Degno di nota e necessario, forse, per dimenticare la tragicomica vicenda dell'ennesimo rinvio (alla prossima legislatura, dopo un anno di dibattiti e istruttorie pubbliche) dell'inizio dei lavori per il trasferimento della Galleria d'Arte Moderna nella sede promessa della ex Manifattura Tabacchi.
Bella davvero, la mostra di Henry Moore, giunta a Bologna - dopo le tappe di Bellinzona e Napolì- grazie all'attivismo dì un gallerista privato, Franco Calarota a capo di Maggiore g.a.m., e all'organizzazione della Henry Moore Foundation e della Galleria d'Arte Moderna (fino al 14 gennaio, cat. Skira): bella perché pone in risalto la qualità più grande dello scultore, la sua capacità d'essere insieme contemporaneo e antico, incarnando nelle sue celebri figure sdraiate quella "tradizione del moderno"di cui è stato, sino ai suoi anni tardi, un riconosciuto alfiere. Una misura classica, insomma che attinge alle radici del mito per estrarne forme e linguaggi nuovi. E belle anche, in particolare, due delle numerose mostre allestite nelle gallerie private (tutte fino a metà gennaio).

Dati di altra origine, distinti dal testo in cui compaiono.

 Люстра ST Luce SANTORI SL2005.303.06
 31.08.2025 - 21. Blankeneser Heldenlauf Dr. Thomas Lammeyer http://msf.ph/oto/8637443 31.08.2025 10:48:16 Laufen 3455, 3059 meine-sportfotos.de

Una, quella di Leoncillo alla galleria San Luca, presenta attraverso un'attenta selezione la stagione ultima di un artista che ha contribuito in maniera determinante al rinnovamento della pratica scultorea nell'Italia del dopoguerra. L'altra, alla galleria Otto, permette di avvicinarsi al percorso creativo di Tony Cragg, ormai celebrato rappresentante di quella che si suole definire la nuova scultura inglese.
Una lingua affascinante, quella di Cragg, tesa a riscattare la banalità del quotidiano attraverso interventi tra l'ironico e il corrosivo, come dimostra "social situation", tavole e sedie rese impraticabili da un'infinità di piccoli, spinosi ganci.